**EXERCISE DESCRIPTION**
Take nothing but the lines from the one with "Spotify for Creators" through the one with "A step daddy" in the entries below, both ends kept, and return them exactly with pictures left out.

*** SUPPLIED RECORDS Section Begins ***

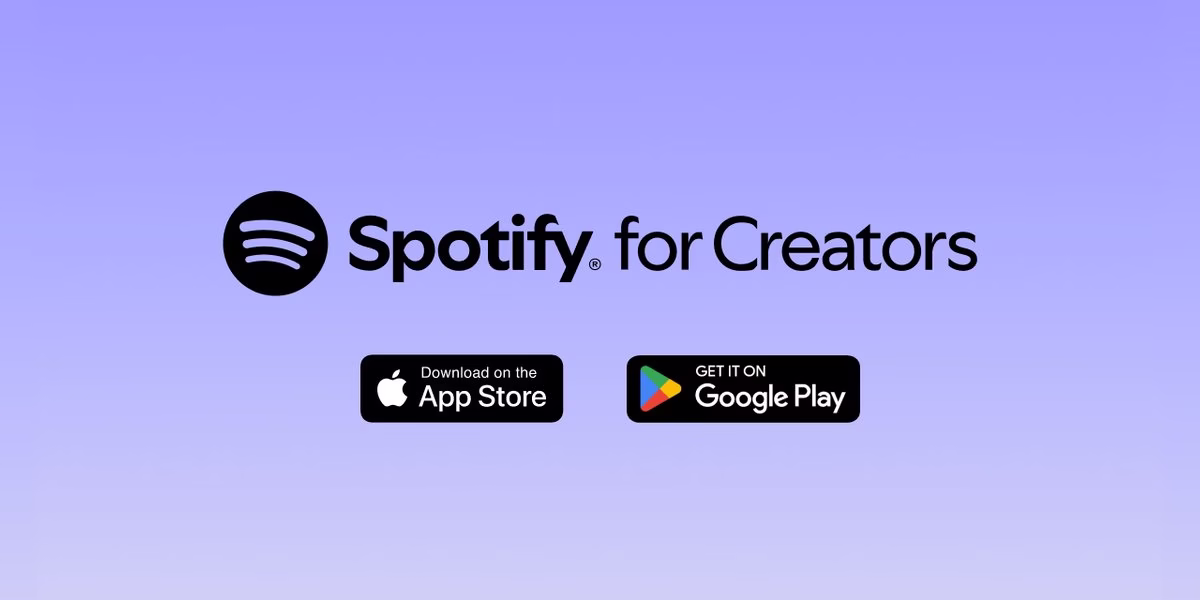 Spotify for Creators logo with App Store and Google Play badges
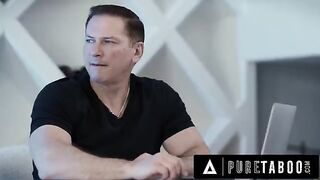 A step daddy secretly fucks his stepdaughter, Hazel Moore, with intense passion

*** SUPPLIED RECORDS Section Ends ***
*** SUPPLIED RECORDS Section Begins ***

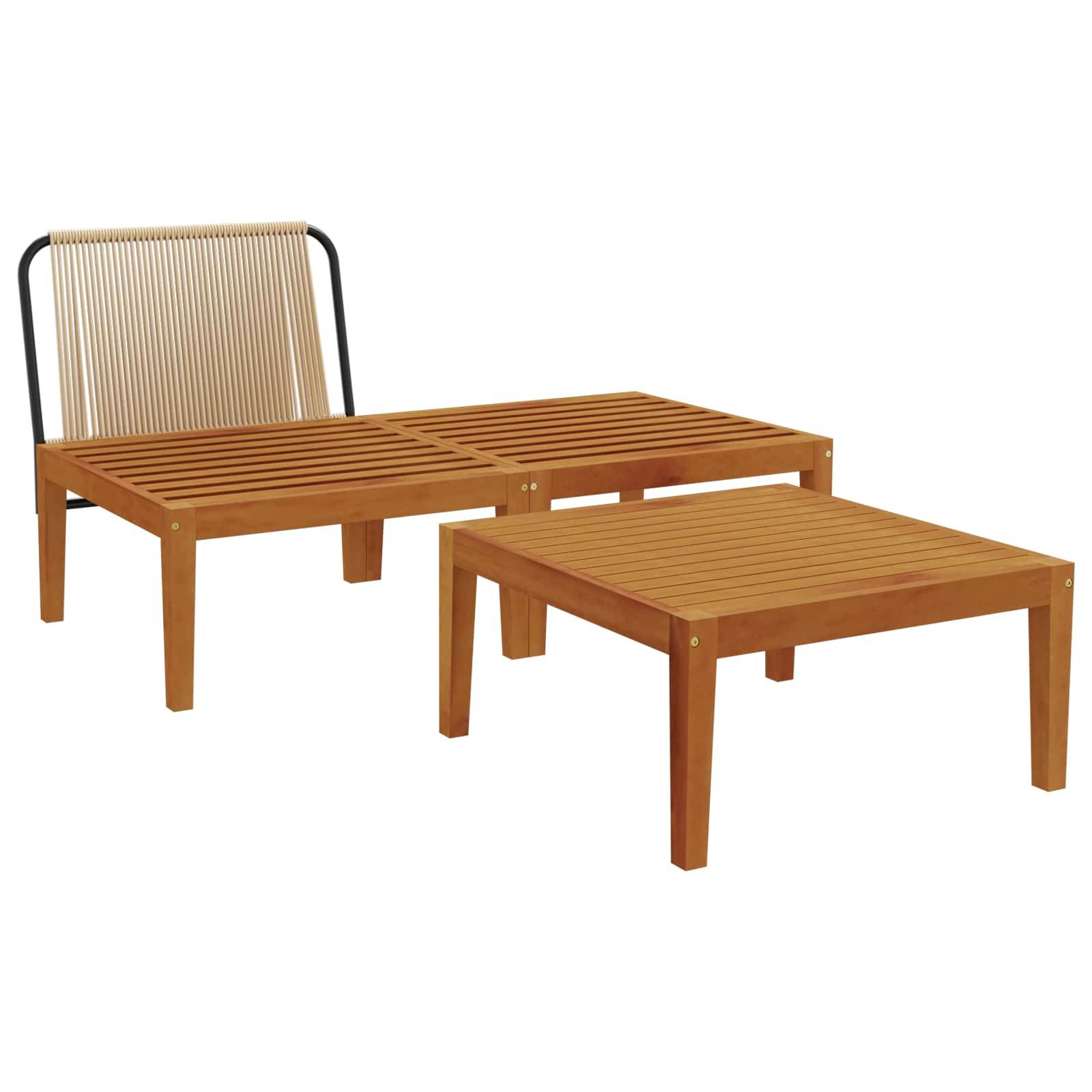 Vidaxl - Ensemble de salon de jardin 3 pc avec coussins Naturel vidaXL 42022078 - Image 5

*** SUPPLIED RECORDS Section Ends ***
*** SUPPLIED RECORDS Section Begins ***

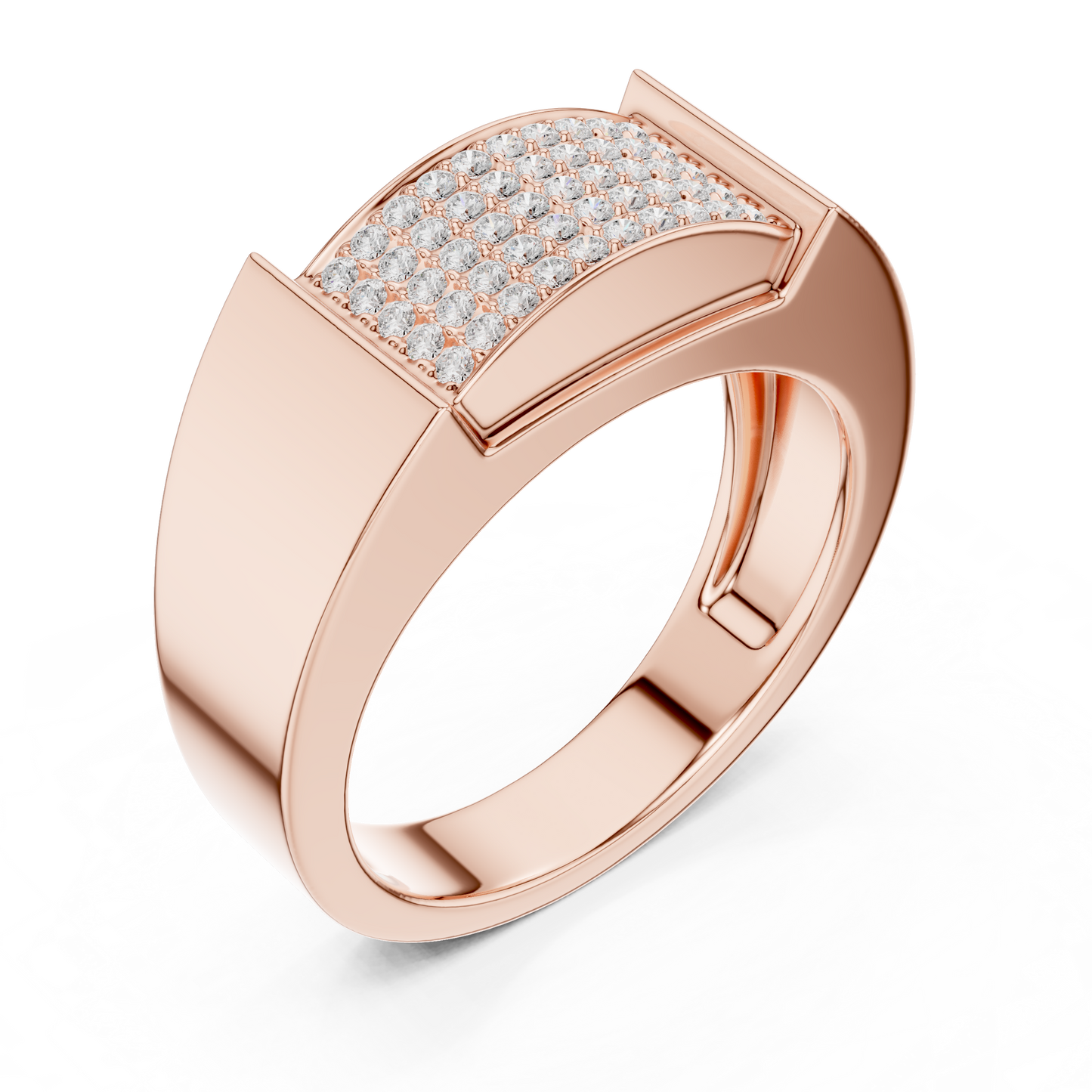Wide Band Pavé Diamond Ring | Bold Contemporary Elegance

*** SUPPLIED RECORDS Section Ends ***

**REPLY**
 Spotify for Creators logo with App Store and Google Play badges
 A step daddy secretly fucks his stepdaughter, Hazel Moore, with intense passion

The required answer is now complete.